En 2016 la IHRA acordó una definición de “antisemitismo”, que es lo suficientemente abarcadora para ser útil a ese objetivo ( https://holocaustremembrance.com/resources/definicion-del-antisemitismo). Entre los ejemplos ilustrativos de esta definición, la IHRA incluye “establecer comparaciones entre la política actual de Israel y la de los nazis”.
En 2020, durante el gobierno de Alberto Fernández, la Cancillería argentina adoptó esa definición a través de la resolución 114 (4/6/2020). En ese momento, distintas personalidades y organizaciones argentinas, encabezadas por Adolfo Pérez Esquivel y Nora Cortiñas, promovimos una declaración solicitando derogar esa resolución (https://www.resumenlatinoamericano.org/2020/06/13/argentina-numerosas-personalidades-y-organizaciones-sociales-solicitan-derogar-la-resolucion-oficial-sobre-la-definicion-de-antisemitismo/).
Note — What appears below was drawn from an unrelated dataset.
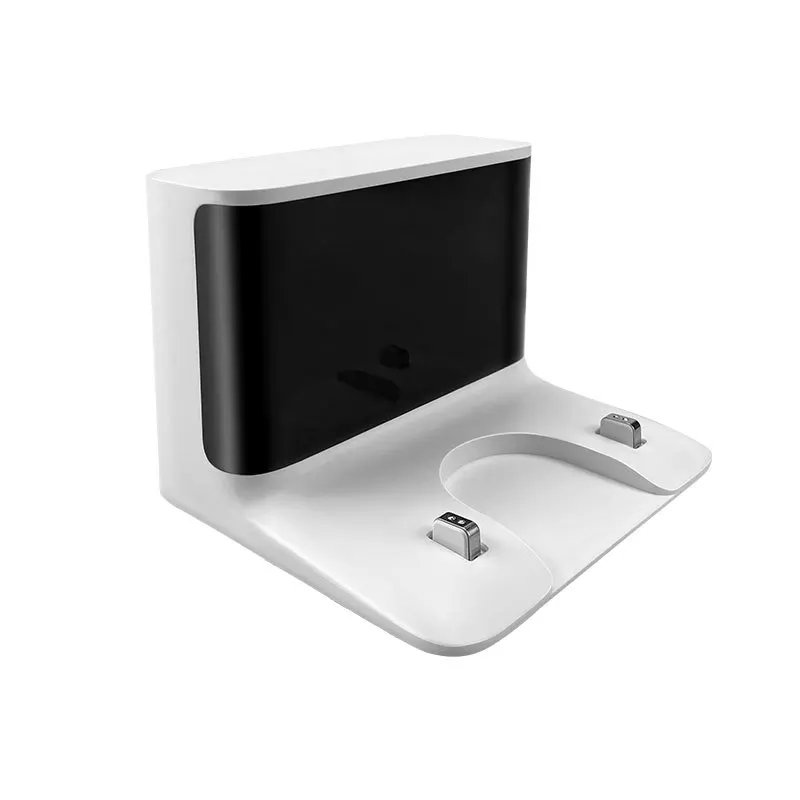 

Replacement Charging Base for Xiaomi Mijia 1c STYTJ01ZHM Robot Vacuum Cleaner Charger Cradle Dock Stand Parts Accessories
Con esa orientación, el Comité Argentino de Solidaridad con el Pueblo Palestino, la APDH (Asamblea Permanente por los Derechos Humanos), la Cátedra Libre de Estudios Palestinos “Edward Said” de la UBA y la Red Internacional Judía Antisionista publicaron las “Críticas a la definición de antisemitismo de la IHRA”, que ayudan a desmontar esta operación ideológica de judicialización de la lucha a favor de Palestina y contra el sionismo (https://www.apdh-argentina.org.ar/sites/default/files/2020-09/1600365467503_Cuaderno%201-Antisemitismo.pdf).
En definitiva, el Estado de Israel es un proyecto colonialista tardío en pleno desarrollo, de asentamiento de una población en un territorio ocupado históricamente por otro pueblo. Ese proyecto precisó para su desarrollo de una fuerza militar y política (con vinculación estratégica primero con el imperialismo inglés, y después con el imperialismo yanqui). Desde 1967, el estado israelí actúa como aliado permanente de la potencia estadounidense, con un importante grado de “autonomía”. Es una posición coimperial (Katz, 2021)
El aspecto ideológico del proyecto sionista es decisivo, tanto para cohesionar la fuerza propia y los apoyos como para estigmatizar y condenar las luchas contra su dominación colonial.
El pueblo palestino busca recuperar su territorio arrebatado por el colonialismo israelí. Para lograr que Palestina sea un país para toda su población, sin discriminación étnicas, religiosas y políticas, es imprescindible derrotar la lógica de limpieza étnica israelí. La lucha de ideas es un elemento central en la resistencia palestina y en la solidaridad internacional con su pueblo heroico.